Sunday, January 16, 2011

Power of press

(bdnews24.com, December 10, 2010)

The Indian media has been shaken somewhat over the last few weeks by what could only be called “indiscreet behaviour”. Two very senior journalists — people who have been listened to, read, respected over the past so many years — are in the dock for being inappropriately involved with a matter that has reached judicial proportions, with those involved in it being indicted by opinion, the press and, to some extent, the government in India. They insist that they were only stringing along their “source” to get more information on the story that they were independently investigating, but many beg to differ on that one.

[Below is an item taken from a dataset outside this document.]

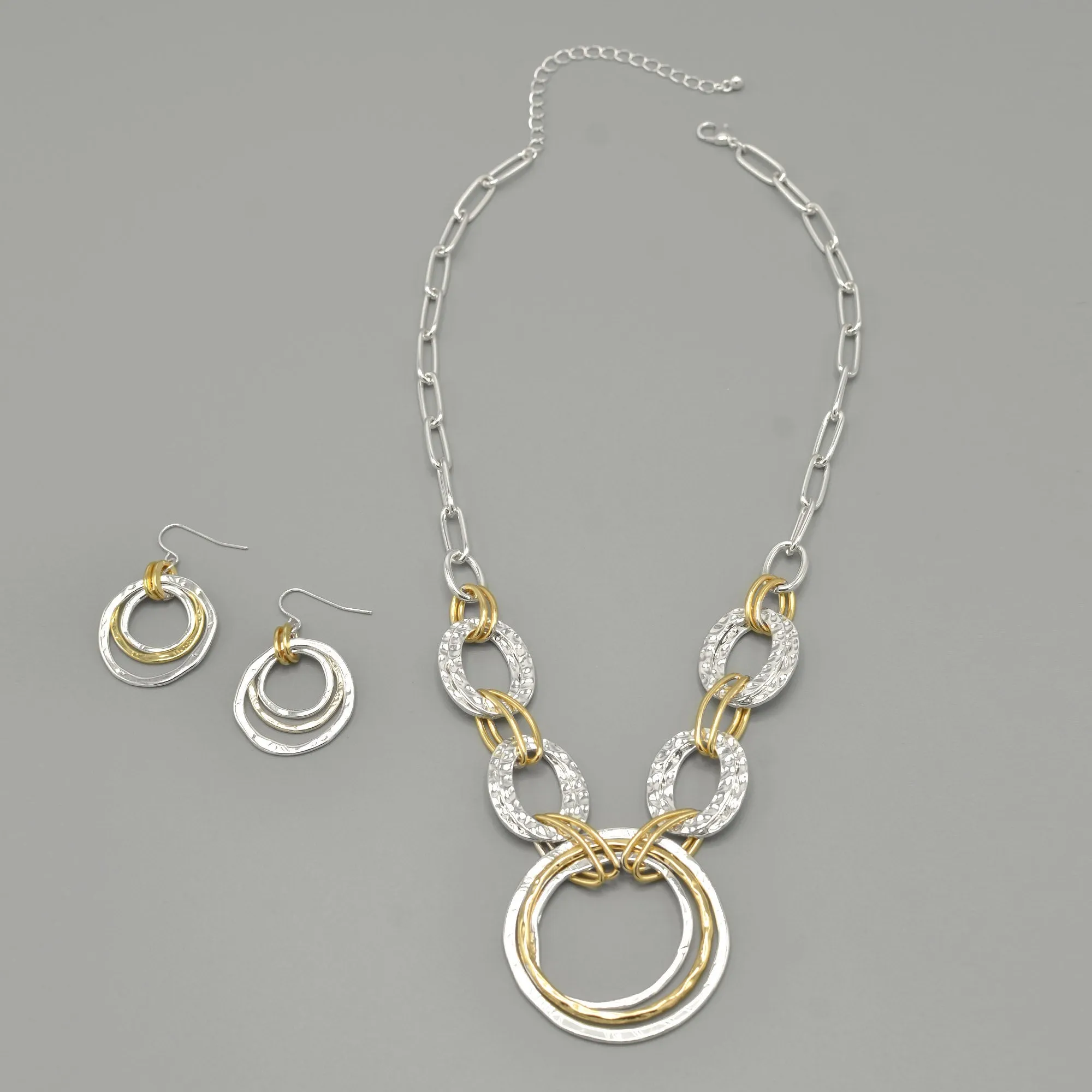 Two-Tone Gold And Silver Hammered Linked chain Necklace and Earrings Set#HNN E88652-1TWO(DE5)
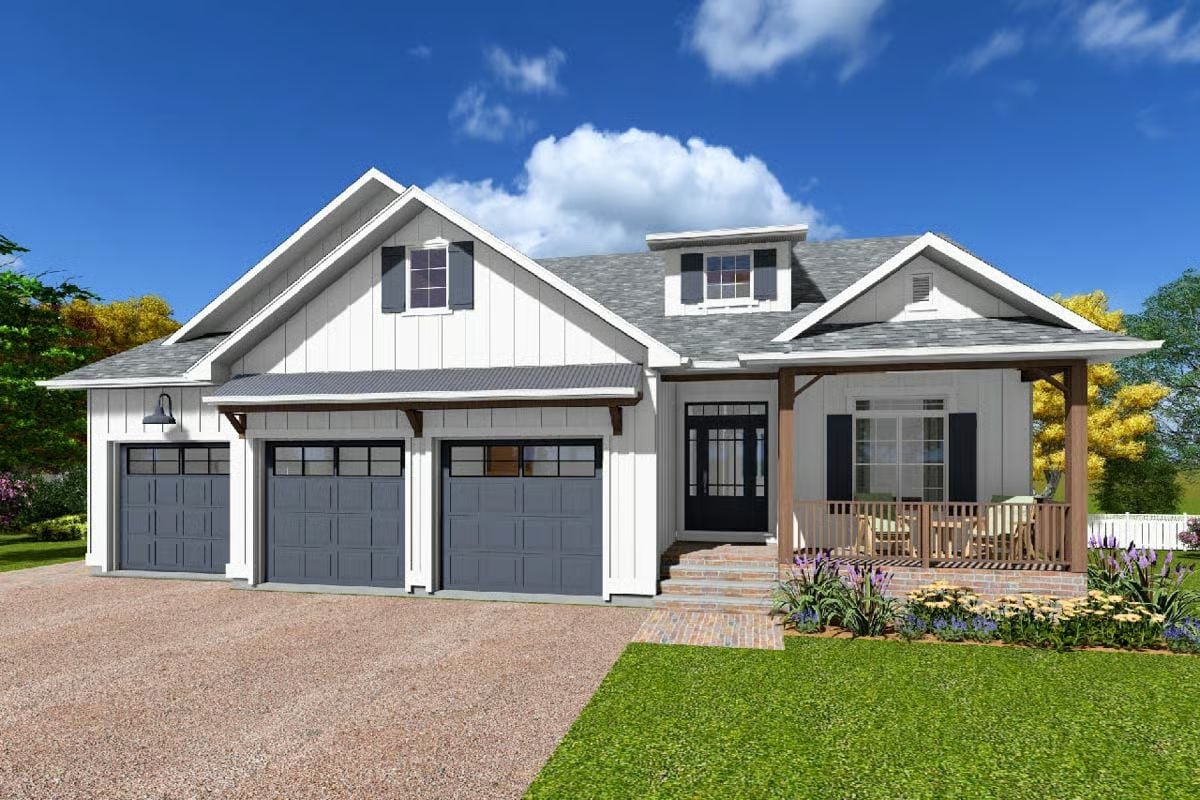 Modern Farmhouse-Style 4-Bedroom Home with 3-Car Garage and Lower Level Expansion (Floor Plan)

After all, being responsible journalists, responsible adults and responsible human beings, they should have known what they were doing and understood their limits. Most of all, being public figures with popular television shows and print columns to their credit, they should have realised when they were crossing that fine line between investigation and involvement, and kept the distance that is so important in such situations. But they did not.

And the media — rivals or else-wise — is working hard to generate support on the one hand and, on the other, to make it clear that this is just not done. There are no apologies forthcoming, no believable excuses for what happened, no real reasons for it to be done. And the scandal value has dwindled to almost nothingness, the breaking news that it was just last week fading off the headlines and being relegated to the inside pages of papers that have nothing else to report.

Why did it happen? Who knows, except for one small point that is well known but rarely accepted by those involved: the journalists had started thinking that they were truly powerful; their word, such as it was, had to be accepted without questions asked, with no terms and conditions attached, no sanity check. Why? Simply because for years they have been the voice of that same sanity; their words have been taken for Gospel, the whole truth, reliable, honest, unbiased. But, as one of the two people concerned said when he was spot lit by the media for his role in the matter, it only takes a moment of indiscretion to wipe out 30 years of solid reputation. His name, for its immediate recall value, is now ‘mud’. The same can be said of the lady involved in the fracas — her television news show is well-known and looked forward-to, her interviews hard-hitting and incisive, her face and her voice famed for their presence whenever, wherever there is news to be reported.

And now both these luminaries, winners of more awards than a single person has a right to, have a somewhat tarnished public image.

All simply because they thought they were inviolate and all-powerful, people who could make things happen with a mere wave of a verb, conduits for a change that would normally take much longer and a lot more effort than one individual could manage to put in. Why? Because they had already tasted that heady sense of power, had already made things happen, had already influenced not just public opinion, but powerful opinion-makers too.

As senior journalists with an impressive body of work behind them, they had lobbied successfully to make change happen, be it increased privileges for the armed forces or greater protection for endangered big cats. But in trying to, as they both separately insisted, elicit information from a source as they worked to break a story that could shatter sections of the government, they overstepped their limits, blurring the lines between reporter and lobbyist, seemingly aiming to influence the flow of power rather than explore its tides and discover what the power equation actually was all about. In doing so, in getting a little too personally entangled, they have managed to not just mess with their own images, but push the entire press community into the spotlight, making almost anything that is done in the quest for a story, questionable. Responsible journalism? Perhaps not! Time for some kind of control mechanism to be implemented in journalistic research? Perhaps, yes!

In 1887 Lord Acton wrote to Bishop Creighton saying, “Power tends to corrupt, and absolute power corrupts absolutely.” A more fitting paraphrase attributed to William Pitt, British prime minister in 1766-1778 goes: “Unlimited power is apt to corrupt the minds of those who possess it.” With great power comes great responsibility — the responsibility to see that it is used with discretion, intelligence and, most of all, common sense.